What is to be done to stop this? I believe that all politicians should simply be fitted with an electric collar for the duration of any tournament, which administers shocks of increasing intensity each time they mention the subject, and a full 300 megavolts if they deploy the words “it’s coming home”.
That, of course, would be rather a mild sort of just deserts for Priti Patel, widely believed to administer the electrodes to a subordinate for bringing her the wrong coffee, or for failing to be “can do” about some plan to install artificially grown megalodons in the Channel to deter migrant boats. Patel was early out of the traps on the football front this summer, pointedly arguing that fans had a right to boo the team taking the knee and dismissing the practice as “gesture politics”. Or as Priti now puts it, in a tweet accompanying pictures of her baring her teeth in an England strip: “Just brilliant. Well done Three Lions. Football’s coming home.” Oh dear. It’s not yet clear if football is coming home, but the chickens certainly are.
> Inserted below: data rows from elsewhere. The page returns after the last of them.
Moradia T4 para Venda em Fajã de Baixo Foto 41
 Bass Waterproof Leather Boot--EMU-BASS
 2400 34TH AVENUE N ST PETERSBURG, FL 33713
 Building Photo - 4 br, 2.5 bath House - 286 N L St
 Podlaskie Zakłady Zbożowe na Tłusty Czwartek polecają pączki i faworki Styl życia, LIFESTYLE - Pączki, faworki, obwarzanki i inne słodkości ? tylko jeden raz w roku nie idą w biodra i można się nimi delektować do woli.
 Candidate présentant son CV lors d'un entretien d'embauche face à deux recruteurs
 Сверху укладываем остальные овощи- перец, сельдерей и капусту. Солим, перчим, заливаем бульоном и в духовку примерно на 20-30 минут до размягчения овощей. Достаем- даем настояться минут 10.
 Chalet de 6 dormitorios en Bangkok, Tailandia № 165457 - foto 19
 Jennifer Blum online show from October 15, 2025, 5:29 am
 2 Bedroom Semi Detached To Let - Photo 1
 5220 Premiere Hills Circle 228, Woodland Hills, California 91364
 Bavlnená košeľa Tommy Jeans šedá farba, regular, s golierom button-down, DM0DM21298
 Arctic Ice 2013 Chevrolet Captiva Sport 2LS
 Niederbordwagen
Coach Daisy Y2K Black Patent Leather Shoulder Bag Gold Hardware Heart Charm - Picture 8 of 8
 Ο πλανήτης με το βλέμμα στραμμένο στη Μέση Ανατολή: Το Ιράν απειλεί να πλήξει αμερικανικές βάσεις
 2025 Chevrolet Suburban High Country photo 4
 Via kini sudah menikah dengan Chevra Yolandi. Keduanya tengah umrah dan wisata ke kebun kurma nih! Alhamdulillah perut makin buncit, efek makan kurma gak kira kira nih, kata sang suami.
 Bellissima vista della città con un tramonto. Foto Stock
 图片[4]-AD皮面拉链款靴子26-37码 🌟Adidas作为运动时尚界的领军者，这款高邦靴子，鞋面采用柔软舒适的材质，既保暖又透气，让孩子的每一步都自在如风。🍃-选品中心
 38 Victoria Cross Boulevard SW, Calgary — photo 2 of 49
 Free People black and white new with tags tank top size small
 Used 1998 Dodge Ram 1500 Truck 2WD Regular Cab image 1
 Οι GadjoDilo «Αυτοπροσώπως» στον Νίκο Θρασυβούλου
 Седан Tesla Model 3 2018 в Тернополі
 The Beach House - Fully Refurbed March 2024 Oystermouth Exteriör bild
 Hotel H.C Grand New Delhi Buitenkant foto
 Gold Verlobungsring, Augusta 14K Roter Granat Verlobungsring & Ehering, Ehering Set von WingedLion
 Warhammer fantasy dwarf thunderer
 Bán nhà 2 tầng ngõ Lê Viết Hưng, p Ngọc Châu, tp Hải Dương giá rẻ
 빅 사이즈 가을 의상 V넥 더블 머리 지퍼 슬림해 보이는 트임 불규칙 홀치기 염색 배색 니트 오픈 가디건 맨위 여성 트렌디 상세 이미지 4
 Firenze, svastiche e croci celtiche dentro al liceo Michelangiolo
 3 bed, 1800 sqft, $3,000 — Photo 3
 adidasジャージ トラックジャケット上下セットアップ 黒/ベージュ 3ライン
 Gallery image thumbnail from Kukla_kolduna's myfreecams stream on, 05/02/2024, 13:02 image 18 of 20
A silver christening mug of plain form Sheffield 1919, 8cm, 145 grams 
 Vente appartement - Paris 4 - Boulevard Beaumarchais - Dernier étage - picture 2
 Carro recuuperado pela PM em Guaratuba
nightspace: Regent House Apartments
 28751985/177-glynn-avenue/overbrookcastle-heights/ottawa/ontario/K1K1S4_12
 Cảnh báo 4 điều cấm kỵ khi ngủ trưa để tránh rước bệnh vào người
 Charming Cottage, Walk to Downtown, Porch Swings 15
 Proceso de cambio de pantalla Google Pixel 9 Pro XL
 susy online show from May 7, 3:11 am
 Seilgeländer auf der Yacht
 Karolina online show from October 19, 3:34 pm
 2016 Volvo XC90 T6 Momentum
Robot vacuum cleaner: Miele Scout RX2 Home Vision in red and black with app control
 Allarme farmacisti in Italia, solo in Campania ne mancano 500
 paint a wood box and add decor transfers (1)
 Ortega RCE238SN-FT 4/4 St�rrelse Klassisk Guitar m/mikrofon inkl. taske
You can even read this morning that the government is worried they might “jinx” the final if they commit to a bank holiday to celebrate an England win. In which case, I think the message to them must be very clear. Namely: don’t worry. PLEASE don’t worry. Nothing you do, ever, at all, has any effect on it either way. None of it is for you, none of it owes anything to you, and nothing you say about it should be taken with anything other than a laugh and a cordial four-letter invitation to shut up, for ever. We can’t keep politics out of sport, and nor should we seek to. The two are entwined and always have been, just not in the way the various blazers want. But we should always, always keep politicians out of sport – because the one thing you can absolutely guarantee is that no matter what happens on Sunday, they’ll be painting footballers as the enemy again soon enough. Set your watch by it.